Administration presidential aspirant Mar Roxas wanted to quit as overseer of the Philippine National Police at the height of the controversy that followed the killing of 44 police commandos in Mamasapano, Maguindanao province, in January last year.
Roxas made the disclosure at the presidential forum hosted by Makati Business Club and Management Association of the Philippines (MAP) at the Fairmont Hotel in Makati City yesterday.

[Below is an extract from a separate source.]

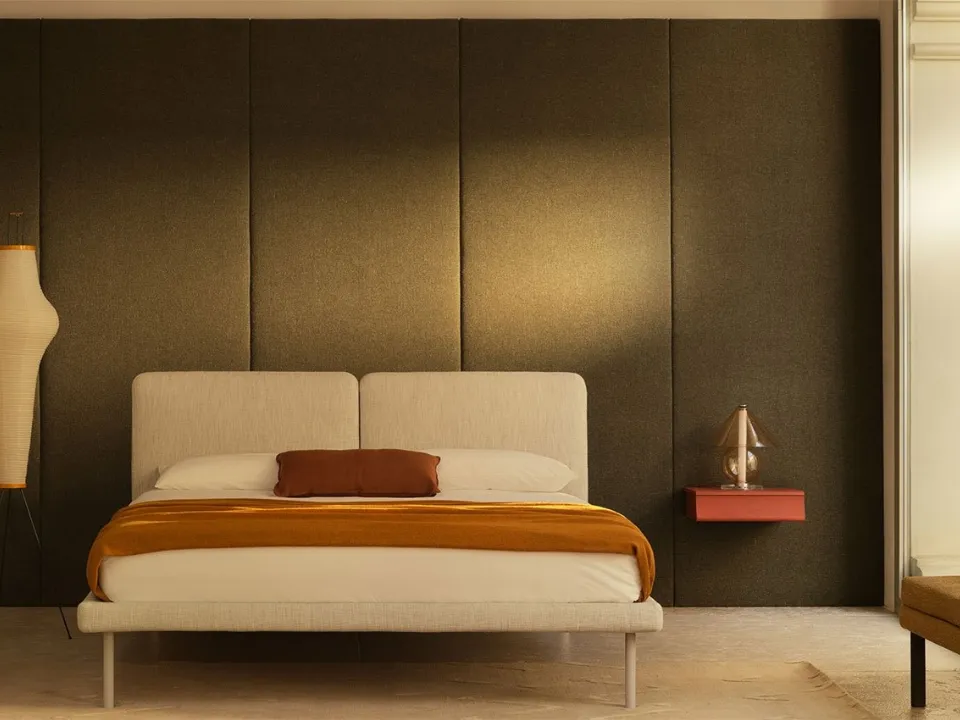 Fabric bed with Face headboard by Bolzan Letti.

Roxas was the interior secretary when 44 PNP Special Action Force commandos were killed in a clash with Moro rebels in a botched counterterrorism operation in Mamasapano.
2 resignation offers
“I did resign. I did offer my resignation at least on two occasions,” Roxas replied when MAP president Perry Pe asked him about the Mamasapano debacle.
He said President Aquino was surprised when he told him he was willing to leave his post after he learned that he was kept out of the loop on the mission to take down Malaysian terrorist Zulkifli bin Hir, alias Marwan. “I [told him], ‘If you have no more confidence in me…’”

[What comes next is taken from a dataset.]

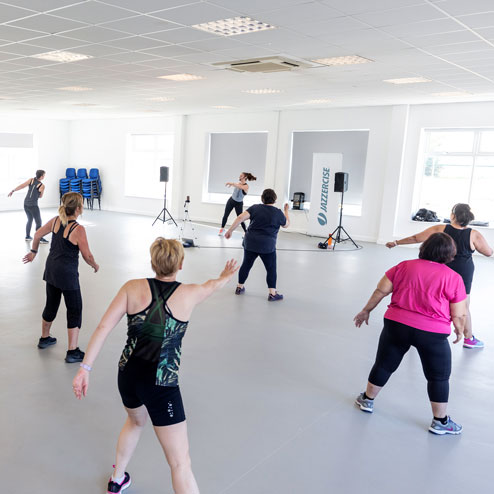 Women doing a Jazzercise class at the studio at Waterbeach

“No. I thought you knew. And in fact I ordered them to tell you,” he quoted the President as telling him.
Roxas said what pained him was that the deaths of 44 of his subordinates could have been avoided.
“You know what’s the hardest thing for me to take about Mamasapano? It’s not the snub. I don’t see it as a snub. It’s not that,” he said. “It’s that 44 [men] who fought for our flag went to an operation where they lost their lives. And it could have been prevented had there been coordination.”

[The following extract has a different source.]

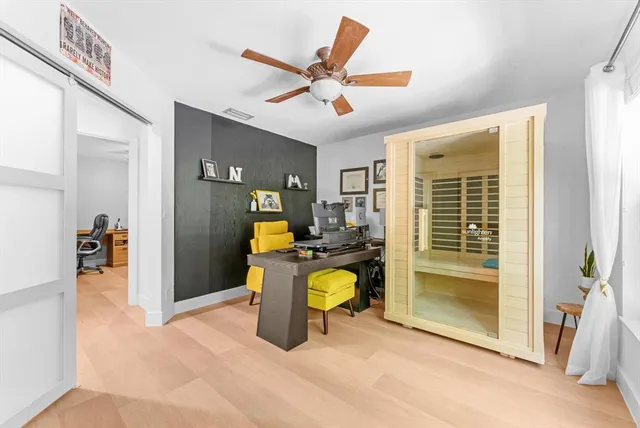 a view of a patio with a table and chairs in front of it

He said he had always had a good working relationship with Defense Secretary Voltaire Gazmin, noting that they worked together during the response to Supertyphoon “Yolanda” (international name: Haiyan) and the 21-day Zamboanga siege.
No issue with P-Noy
Roxas denied there was a trust issue between him and the President.
“Many people tried to [drive a wedge] between the President and me. But here’s the thing: How can you say that he didn’t trust me when he said, ‘This is the guy upon [whose shoulders] daang matuwid will continue?’” he said, using the code word for the Aquino administration’s reform program.
“I’m not loyal to [the President] as a matter of political back-scratching. He is a decent guy. He’s worked hard. He’d been through a lot. Many times, he was unfairly criticized,” he said.